The chestnut-collared longspur is a medium-sized (5-7 inches), sparrow-looking, short-grass prairie bird. Note the short, thick, pointed bill, which is a grayish color. The male's black belly feathers are a diagnostic field mark in breeding plumage. When in full breeding plumage the male displays a black-and-white head with a buffy face. Its back is black, buff and brown in a streaked pattern.
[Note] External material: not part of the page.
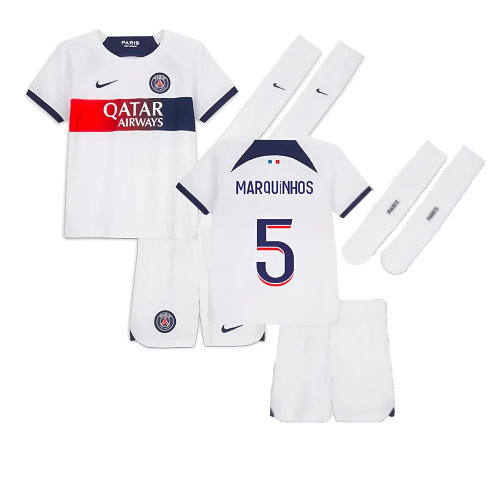 2023-2024 PSG Away Little Boys Mini Kit (Marquinhos 5)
This longspur prefers disturbed habitats, whether they be grazed historically by bison or today's domestic cattle, or burned-over grass lands.
The chestnut-collared longspur bred historically at sites recently grazed by bison or disturbed by fire. Even today, it avoids nesting in areas protected from grazing, instead preferring pastures and mowed areas such as airstrips, as well as grazed native prairie habitats.